State v. Clayton

GRIMM, Judge.

A jury convicted defendant of one count of first degree murder and one count of armed criminal action in violation of §§ 565.020 and 571.015, RSMo 1986. He was sentenced to life imprisonment without possibility of parole and life imprisonment consecutively. He now appeals that judgment, as well as the denial of his Rule 29.15 motion.

On appeal, defendant raises fourteen points of error. We remand for a hearing on defendant’s Batson challenge. In all other respects, including the denial of his Rule 29.15 motion, we affirm the judgment of the trial court.

I. Background

Defendant does not challenge the sufficiency of the evidence. On the morning of May 13, 1990, victim’s body was discovered at the abandoned tavern where she lived. She was found lying on the floor, nude from the waist down, with wounds to her head and neck, and an electrical cord around her neck.

When police first interviewed defendant, he denied murdering victim. However, when police interviewed defendant a second time, he confessed. Defendant later made a detailed videotaped confession of the crime.

*260II. Batson Challenge

Defendant, a black man, alleges the trial court erred in overruling his Batson motion “where the court based its determination on the final composition of the jury, without considering, or requiring the State to provide, the reasons for the State’s use of five [of its six] peremptory strikes against black venirepersons.... ” The State has joined defendant in requesting a remand for a Batson hearing. We agree.

In response to defendant’s Batson challenge, the trial court inquired as to the composition of the jury after the strikes. The court determined that five Caucasians and seven African-Americans remained on the jury.

Counsel for the State then commented that “no prima facie case has been shown in regard to Batson. ... I have race neutral reasons and I decline to give them because there is no prima faci[e] case made.” The State based its refusal to give race-neutral reasons on the composition of the jury panel after the strikes. The trial court overruled defendant’s Batson objection without requiring the State to disclose its reasons for the strikes.

In State v.
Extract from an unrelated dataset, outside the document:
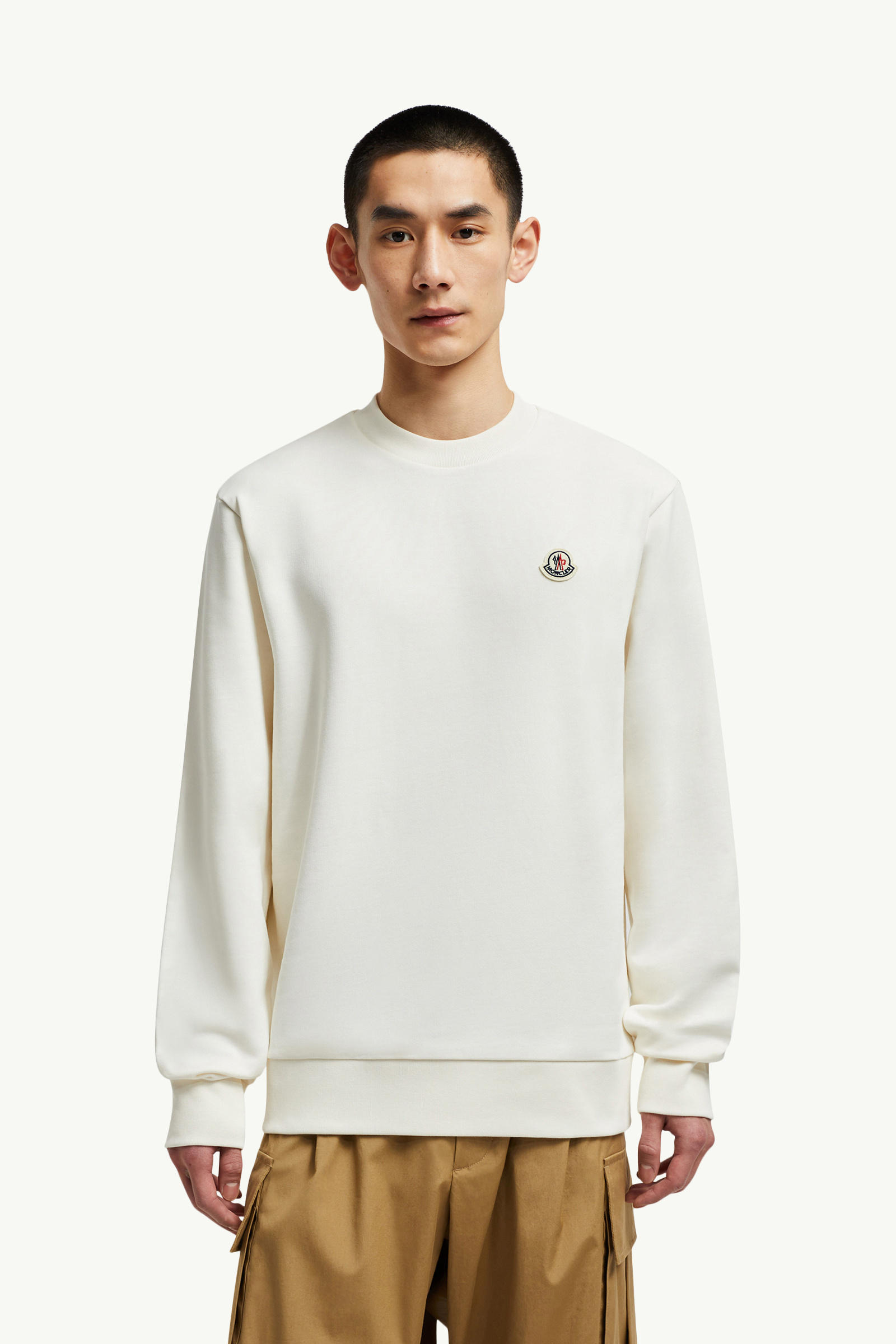 Logo Patch Cotton Sweatshirt Men White Moncler 3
Antwine, 743 S.W.2d 51, 64 (Mo.banc 1987), our supreme court directed “trial judges to consider the prosecutor’s explanations as part of the process of determining whether a defendant has established a prima facie case of racially discriminatory use of peremptory challenges.” Here, the State erroneously refused to disclose its reasons for its strikes. The trial court erred in not requiring the State to give explanations.

In State v. Parker, 836 S.W.2d 930, 934 (Mo.banc 1992), our supreme court reiterated that the State “must give race-neutral reasons for the challenged peremptory strikes.” These reasons must be given regardless of “the presence of African-Americans on the defendant’s jury” or “the state’s failure to use all of its strikes to remove African-American venirepersons.” Id. at 940.

III. Other Issues

We have considered the other thirteen points defendant has raised. No jurisprudential purpose would be served by a written opinion. Therefore, the parties have been furnished with a memorandum opinion for their information only, setting forth the facts and reasons for our decision.

This case is remanded to the trial court for a hearing to determine whether the State used its strikes in a discriminatory manner. The trial court shall certify to this court a record of its proceeding. In all other respects, the judgment is affirmed in accordance with Rule 30.25(b).

CRANDALL, P.J., and PUDLOWSKI, J., concur.